Now Man Utd were playing aggressive, in-yer-face football and I must admit that the Guy Ritchie types like Roy Keane and Paul Scholes (the only tackle he knew was a two-legs-in-your-shin tackle) did influence my choice. So that was that.
I stuck through Louis van Gaal and even Rangnick, because I understood what the latter was trying to do. I was hopeful for Ten Hag, but when he sacrificed his style of football to play passes back and forth, I lost interest.
I did not watch the FA Cup Final and I don’t care about the result. I’m still watching football, although I’ve found myself drifting away more and more. Faced with the choice of watching Man Utd or doing chores? I’d do the chores. But the main point and the reason I’m in favor of Jane’s message? People who grow up in the culture don’t really have a choice.
Leave them alone.
Mario Pulver
Red cartel? It’s about protecting the league…
I thought I might weigh in, even though this has probably been covered. There seems to be this whole debate over whether people’s motives are to protect the league or whether it is just mere tribalism and ABC (the new ABU) rhetoric. There clearly is some of that going on but people need to understand what the point of these rules are. There is some BS doing the rounds about protecting the long term future of the clubs, non-playing staff, lower league clubs, grass roots, blah blah blah. But the main reason is to keep the game competitive and that is really the only reason that matters.
People argue that if we removed the regulations then it becomes an open playing field for everyone but how likely is we are going to get 20 state-owned clubs in the Premier League? All that will happen is the state-owned clubs will get further and further ahead at an alarming rate. We always hear the cliché ‘there are no easy games in the premier league’. Which is still true for most games right now but how true would that be if we had 4 Man Citys (and yes it is Citys not Cities), destroying the other 15 (had to check the math on this one) teams every time they played them?
Again, people argue that this already happening with the top clubs moving further further away which is true but it is happening at a much slower pace. Look at what Villa have achieved this season. That is never happening if we had 4 state-owned clubs. I would argue, that with clubs (most clubs) following the FFP guidelines, we are seeing that gap close.
Every team going into matches against Man U, Liverpool, Arsenal and Chelsea believe they can win, home or away. The league is clearly competitive for everyone following the rules. In other sports they recognise the need for competitiveness. We have wage caps in the MLS, the draft system in the NFL, handicapping in horse racing etc. FFP was supposed to be football’s solution to this problem.
It’s never been about protecting individual clubs, the red cartel, the status quo or whatever other conspiracy theories people might have. It’s about protecting the sport as a whole for the next 20 years or so. Because lets face it, AI will have come up with a much more entertaining sport by then and no one will care about football anyway.
Seamus, Sweden
P.S Whoever came up with the idea of playing the youth team against Man City every week is a genius. That would most definitely work.
Rules are rules
Mark, I think it is you who is fundamentally misunderstanding things here.

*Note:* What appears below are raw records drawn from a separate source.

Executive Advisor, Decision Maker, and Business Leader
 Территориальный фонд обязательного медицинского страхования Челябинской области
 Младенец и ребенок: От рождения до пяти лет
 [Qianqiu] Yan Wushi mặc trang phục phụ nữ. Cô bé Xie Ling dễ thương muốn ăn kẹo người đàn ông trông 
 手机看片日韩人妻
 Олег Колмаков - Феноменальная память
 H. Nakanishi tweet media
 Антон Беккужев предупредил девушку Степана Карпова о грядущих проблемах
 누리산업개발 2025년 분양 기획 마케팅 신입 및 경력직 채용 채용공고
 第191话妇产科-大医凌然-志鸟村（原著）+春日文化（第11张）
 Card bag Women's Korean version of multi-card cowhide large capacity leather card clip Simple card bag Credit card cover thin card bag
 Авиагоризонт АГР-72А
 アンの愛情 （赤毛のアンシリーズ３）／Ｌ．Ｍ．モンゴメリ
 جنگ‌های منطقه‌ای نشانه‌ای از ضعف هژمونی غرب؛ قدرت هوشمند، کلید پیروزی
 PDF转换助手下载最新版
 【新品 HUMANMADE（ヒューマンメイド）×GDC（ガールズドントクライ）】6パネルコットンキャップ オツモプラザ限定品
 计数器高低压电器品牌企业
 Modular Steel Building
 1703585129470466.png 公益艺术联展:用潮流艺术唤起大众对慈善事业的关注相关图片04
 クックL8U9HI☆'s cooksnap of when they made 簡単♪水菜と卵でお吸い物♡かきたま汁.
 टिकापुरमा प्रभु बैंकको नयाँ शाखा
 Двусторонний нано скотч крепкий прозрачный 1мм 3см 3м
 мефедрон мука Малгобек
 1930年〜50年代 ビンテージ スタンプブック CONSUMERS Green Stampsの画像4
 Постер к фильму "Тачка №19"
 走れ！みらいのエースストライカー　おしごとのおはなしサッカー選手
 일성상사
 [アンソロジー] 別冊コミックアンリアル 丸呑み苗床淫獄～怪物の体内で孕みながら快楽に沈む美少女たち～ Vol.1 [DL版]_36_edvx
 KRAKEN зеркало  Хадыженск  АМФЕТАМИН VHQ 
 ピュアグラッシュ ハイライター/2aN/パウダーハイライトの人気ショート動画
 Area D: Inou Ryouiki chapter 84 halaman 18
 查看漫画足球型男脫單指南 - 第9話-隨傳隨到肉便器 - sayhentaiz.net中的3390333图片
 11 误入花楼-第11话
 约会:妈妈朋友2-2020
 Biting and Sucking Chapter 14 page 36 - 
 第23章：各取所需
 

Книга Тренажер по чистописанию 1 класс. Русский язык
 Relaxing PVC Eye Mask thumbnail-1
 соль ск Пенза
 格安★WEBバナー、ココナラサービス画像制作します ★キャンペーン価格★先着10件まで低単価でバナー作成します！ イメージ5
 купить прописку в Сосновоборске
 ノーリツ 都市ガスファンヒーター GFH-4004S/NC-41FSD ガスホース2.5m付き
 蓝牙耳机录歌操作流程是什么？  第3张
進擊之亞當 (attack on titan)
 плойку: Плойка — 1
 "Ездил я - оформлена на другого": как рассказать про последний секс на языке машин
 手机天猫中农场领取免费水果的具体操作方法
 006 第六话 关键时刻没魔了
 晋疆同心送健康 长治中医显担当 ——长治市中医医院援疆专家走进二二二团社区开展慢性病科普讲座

When you sign up to a competition, you agree to the rules.
But you ask, if the rules change then are you beholden to agree with them? No matter what the change is? Rules that were changed in December 2021 and then revised again in 2024? Not the rules that City have signed up for. That’s your argument, that City didn’t didn’t agree with the rule changes.
Well boo-hoo pal, City don’t need to agree to anything. The majority need to agree to the rule changes, and the majority did, twice. That’s called democracy (or “tyranny of the majority” if you are Mark, it seems).